③ 現実にリアル・ワールドでは、カジノは存在していないが、バーチャルな世界では金銭を賭すことのできるカジノが現存し、かつ拡大しつつある。何らの規制も制限もなく、市民に開放されているという極めて不思議な事象が生じている。カンボジアでは、違法にネット・カジノが横行していたが、2009年禁止措置をとった。シンガポール、韓国等既にカジノ賭博法制がある国でも、制度的にはネット賭博は禁止となっている。ネット賭博が市民社会の中でなんらかの問題を起こさない限り、事実も明らかにされないと共に、何らの明確な対応ができないという状態になるのであろうが、アジア諸国は欧米諸国と比較した場合、極めてバランスの欠けた地域になってしまっている。

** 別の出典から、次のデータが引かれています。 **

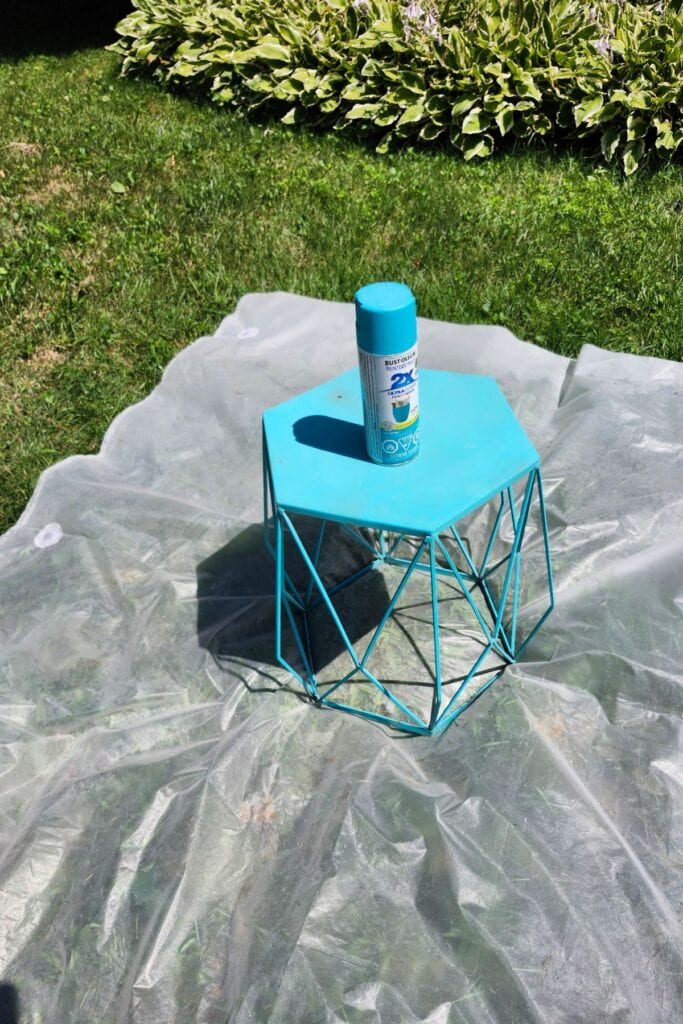 Small outdoor side table being spray painted turquoise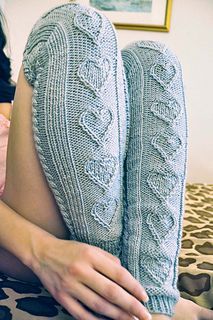 a woman laying on top of a bed wearing knitted socks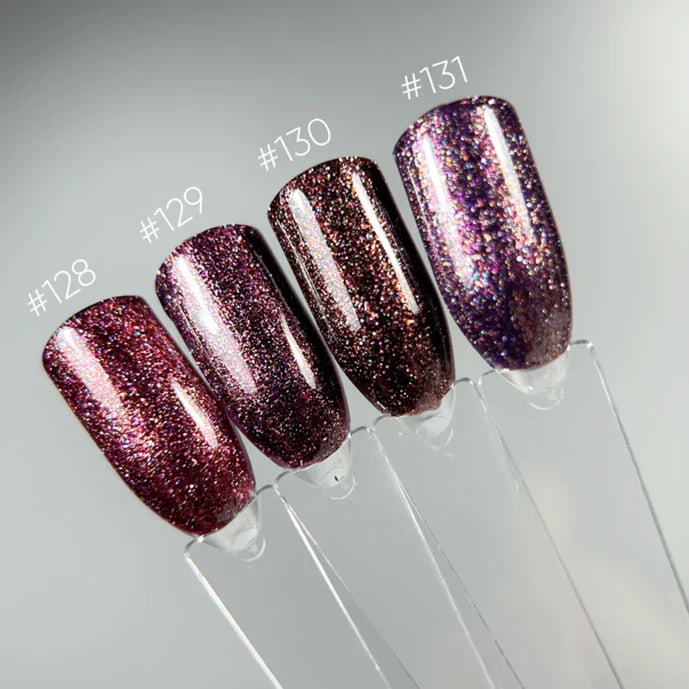 Set of glittery nail polish samples on clear stands with color codes.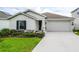 Well-maintained single-story home with a two-car garage, green lawn, and a well-landscaped front yard at 818 Kapi Dr, Groveland, FL 34736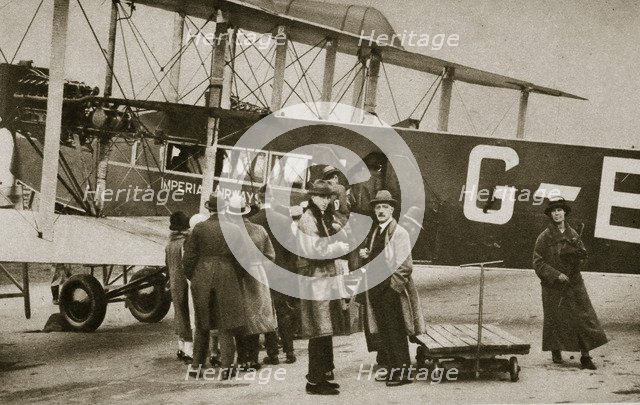 Passengers boarding an Imperial Airways aircraft for a flight to Paris, c1924-c1929 (?) Artist: Unknown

ネット賭博を認める場合には、オープンな賭博行為へのアクセスを認めることに繋がるために、成熟した市民社会の中で賭博制度が理解され、定着していることが必須の要件になる。かつ、規制や管理の在り方はより複雑になることから、その前提として効果的な賭博の制度や規制が無ければ、ゼロからこれを構築することはハードルが極めて高くなるといってもよい。残念ながら、アジア諸国では、賭博の制度や規制が効果的になる仕組みはまだ育っていない。一方、技術の発展により諸国民のネット・アクセスはより自由になっており、制度と現実の矛盾が拡大しつつあるのが現状である。